Facing declining revenues and increasing budget shortfalls, many states have found a new way to raise significant money; through enforcement of existing tax laws. From residency audits of individuals to collection of sales, income and payroll taxes from out of state businesses, if you are not complying with state tax laws, you are flirting with disaster.
In recent years, New York State has collected billions of tax dollars from people who maintained a residence in New York but claimed to be a resident of another state (often Florida). If you maintain a residence in New York and enter the state more than 182 days, you are a New York resident, and subject to all its tax laws.
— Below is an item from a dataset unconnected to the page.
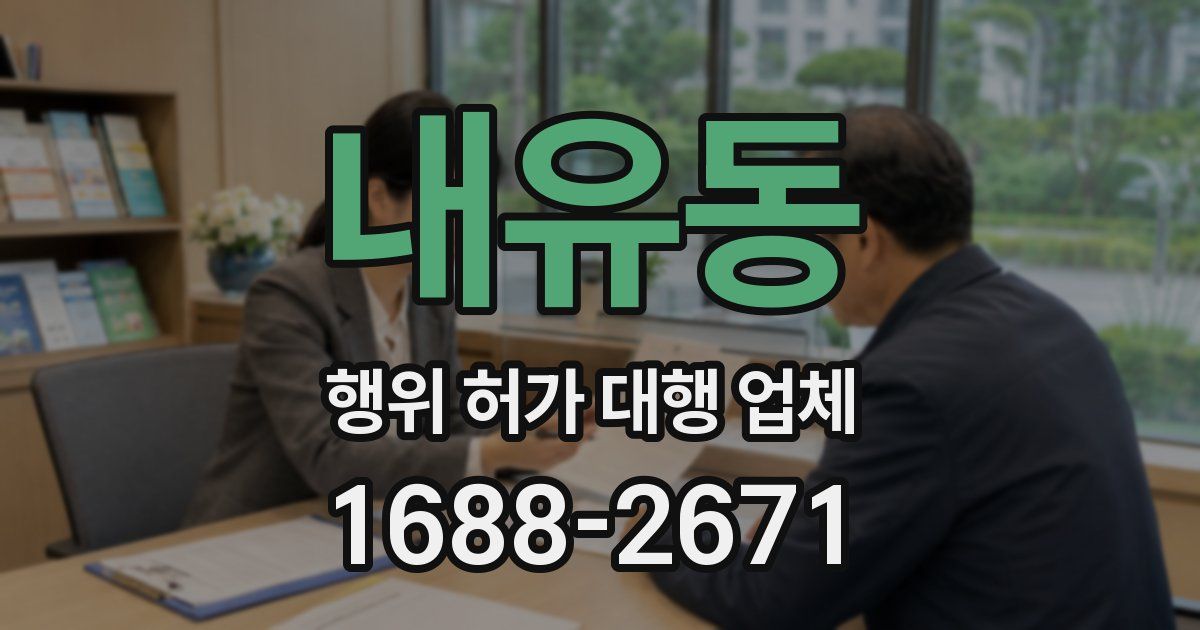 내유동 행위 허가 대행 업체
Maintaining a residence can be owning or renting, and entering the state can be going to work; you do not have to spend the night or even visit the residence. If you do spend the night, it automatically counts as two days, the first is the day you go to sleep and the second is the day you wake up. If you have a house anywhere in New York State work in Manhattan every day, you are a New York resident who is subject to New York State income tax, because you maintain living quarters and enter the state more than 182 days during the year.
There is also bad news for New Jersey people who claim residency in another state - the New York State Tax Commissioner who did all this good work has just started working for Governor Christie, so get ready for a lot of residency audits. Do you spend the winter in Florida and keep your house in New Jersey, but claim to be a Florida resident? If you do, must keep records and documentation to prove where you are each and every day of the year.
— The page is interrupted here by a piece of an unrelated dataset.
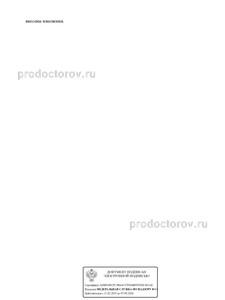 Выписка из реестра лицензий Выписка из реестра лицензий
As bad as it may be for individuals, the potential ramifications are much worse for business. Let's say you have a business in New Jersey, and your customers are all located in the state. Your business sells something, say household appliances. One day you get a call from someone in New York City who wants to buy a washing machine. You sell him the washing machine, deliver it to his location, remove the old washing machine, and install the new one. And by the way, since you are a New Jersey company and not registered for New York tax, you don't bother collecting New York Sales Tax. He is so happy to save 8.8% sales tax, he tells all his friends, and before you know it you are making deliveries every week. You also forget to tell your CPA about the New York sales. Several years go by, and you get a notice from New York. What taxes are you liable for? New York State and City income taxes, payroll taxes, and sales taxes, and if your business is a partnership or LLC taxed as a partnership, the partners are liable for New York nonresident personal income tax as well.
In these situations, sales tax is often the biggest problem, the one that may put you out of business. Even though you did not collect sales tax, you are still responsible for remitting it for all taxable sales. With the addition of penalties and interest, the liability can be staggering.
One more thing that often suprises business owners is use tax. If you purchase a taxable goods or services and the seller does not collect sales tax, you are required to voluntarily remit the tax to the State. If you are audited by the State and the auditor identifies purchases on which you should have paid sales tax but did not, you will be required to pay the tax, plus penalties and interest. The fact that the seller should have collected tax but did not will not relieve you of this liability.
The consequences of noncompliance with State tax laws can be devastating to a business. Now is the time to conduct a review of your business operations to identify and deal with State tax compliance issues.